Task goal: Please give back word for word the lines of the material below between the line containing "N70 SR/SR5 Hilux" and the line containing "Nueva! Nintendo Switch", inclusive.

Dataset content:
_ _ _ _ _ _ _
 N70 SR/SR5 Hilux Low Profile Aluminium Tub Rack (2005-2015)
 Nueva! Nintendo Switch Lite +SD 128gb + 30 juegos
_ _ _ _ _ _ _
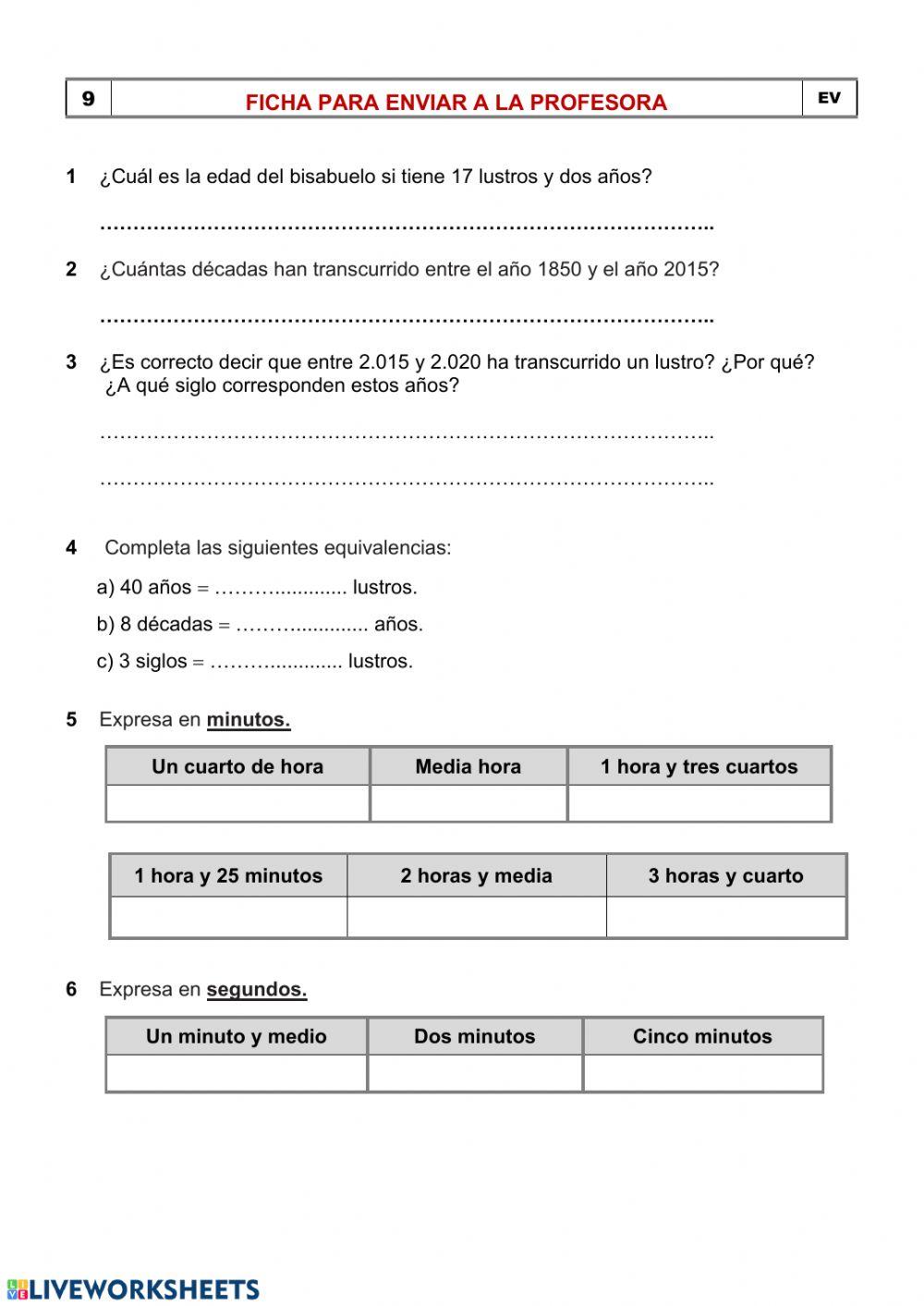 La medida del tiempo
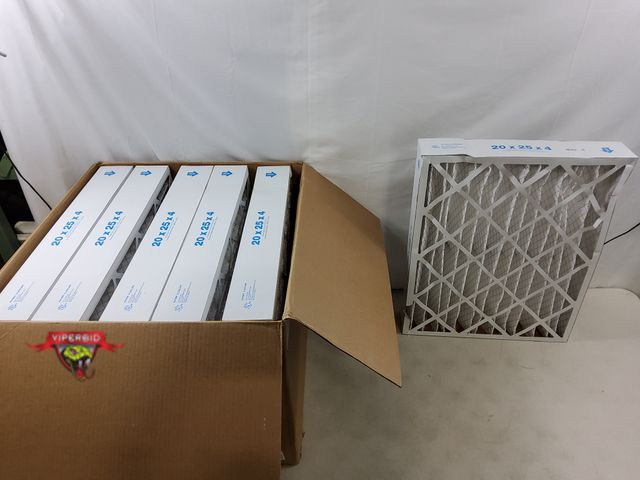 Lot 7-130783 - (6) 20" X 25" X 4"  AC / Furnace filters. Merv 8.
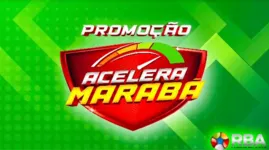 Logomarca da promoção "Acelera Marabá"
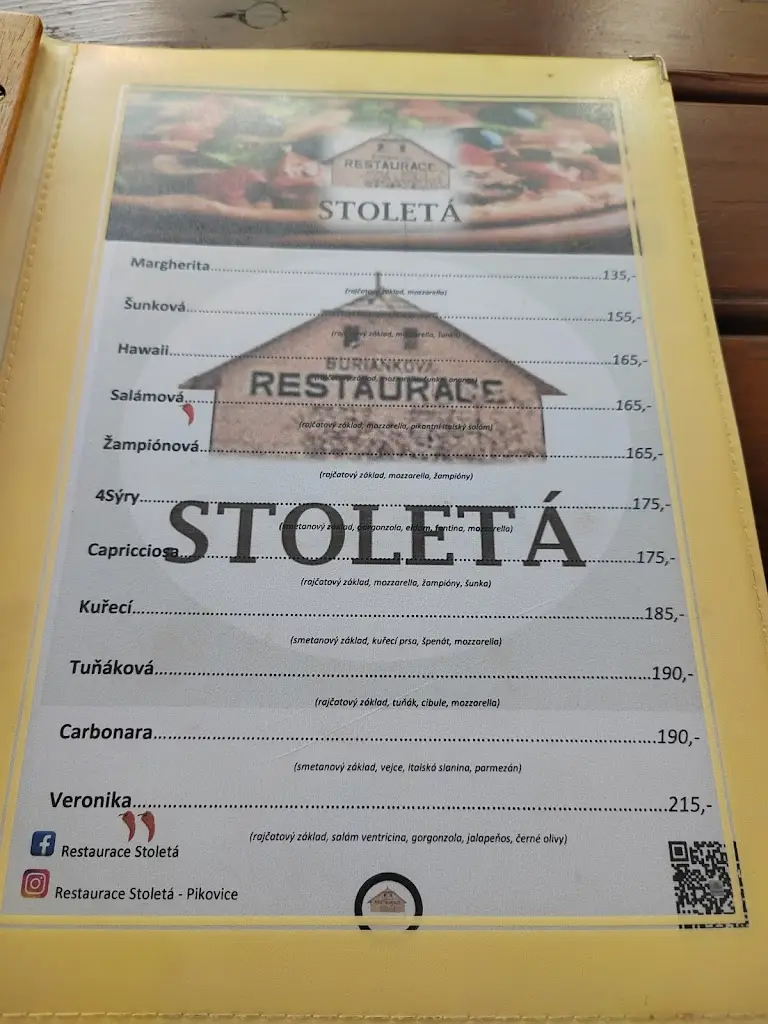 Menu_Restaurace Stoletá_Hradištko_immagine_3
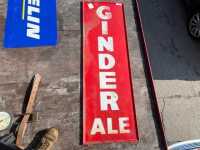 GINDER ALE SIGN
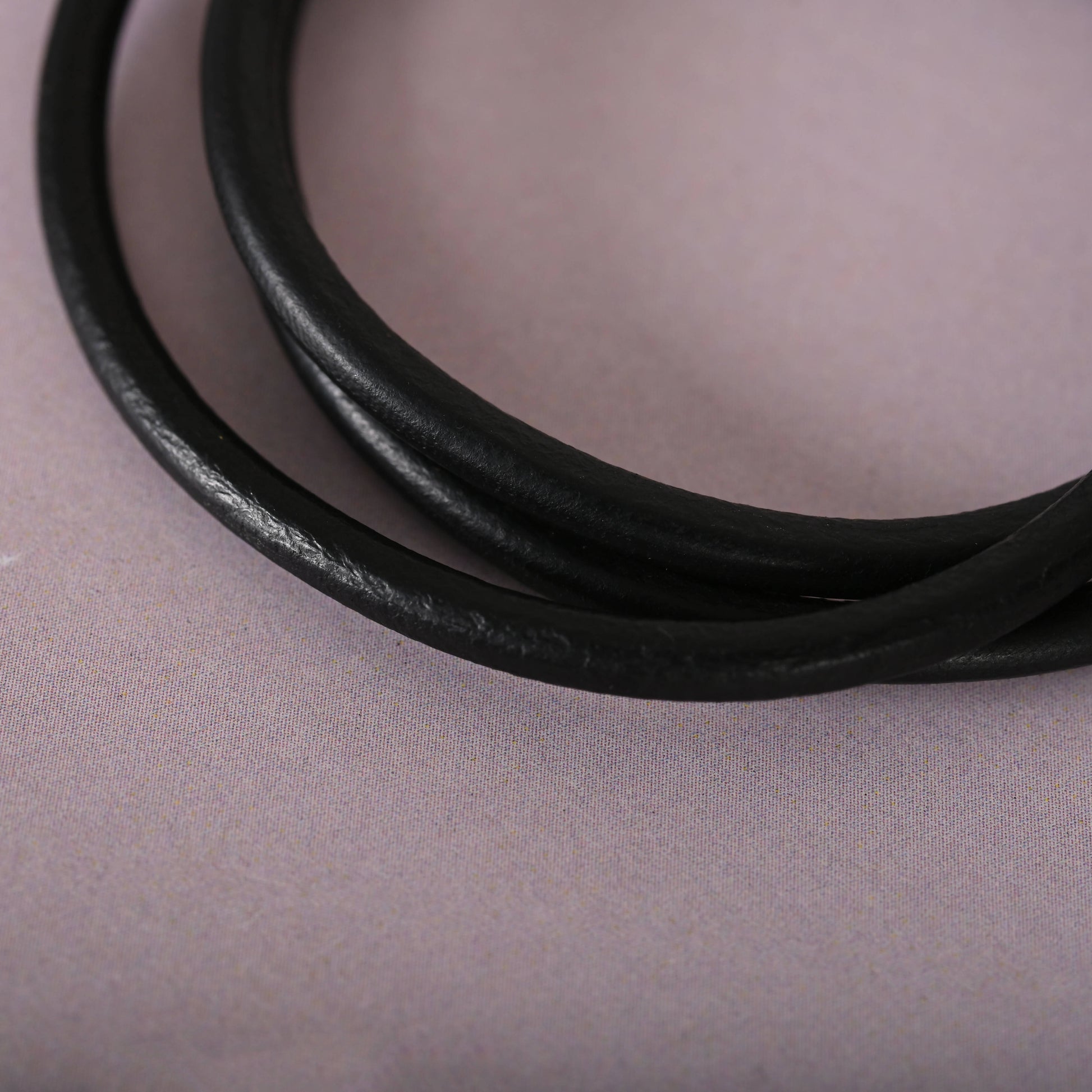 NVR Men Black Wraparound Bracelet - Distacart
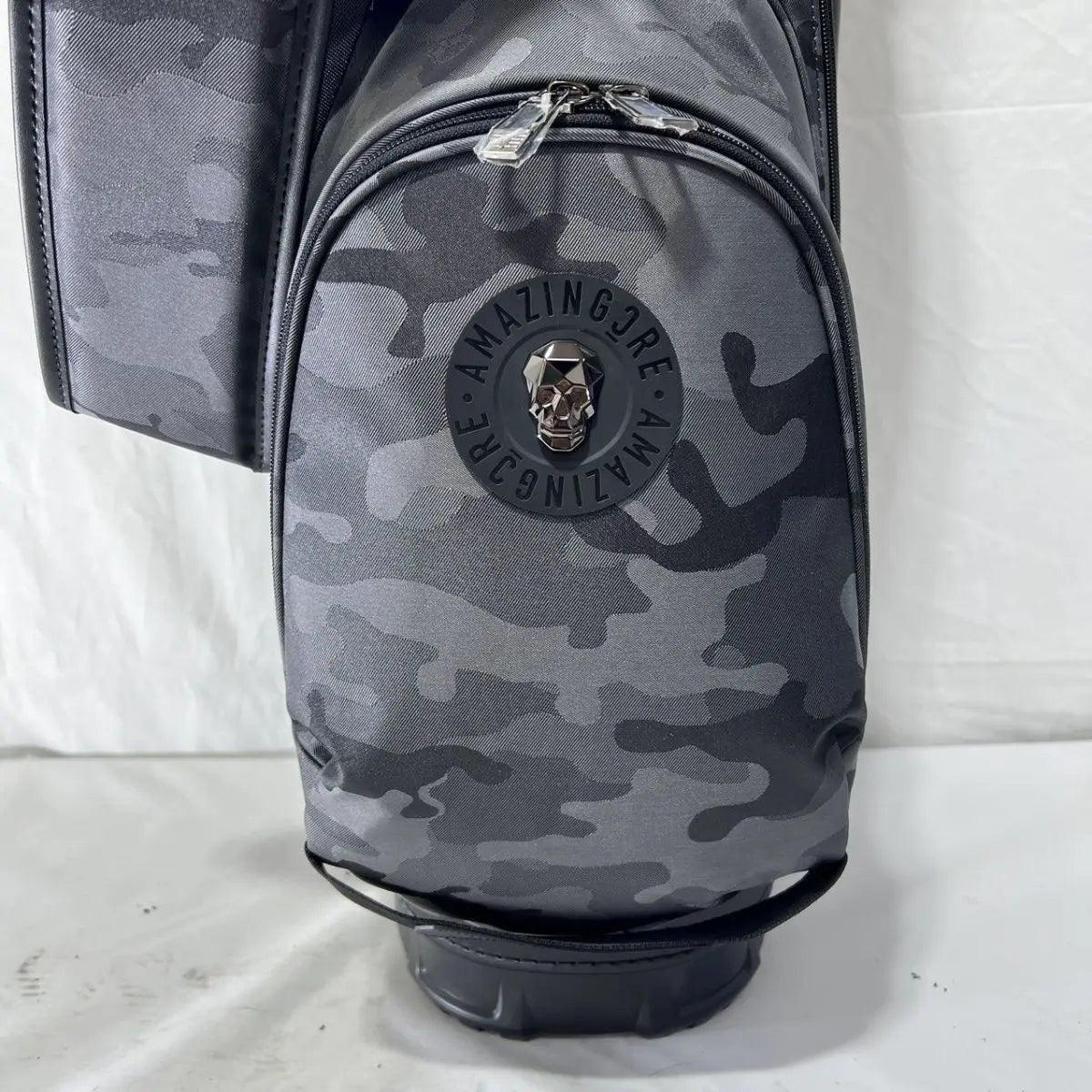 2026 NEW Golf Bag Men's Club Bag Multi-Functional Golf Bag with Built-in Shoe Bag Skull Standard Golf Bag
_ _ _ _ _ _ _
Result of this task:
 N70 SR/SR5 Hilux Low Profile Aluminium Tub Rack (2005-2015)
 Nueva! Nintendo Switch Lite +SD 128gb + 30 juegos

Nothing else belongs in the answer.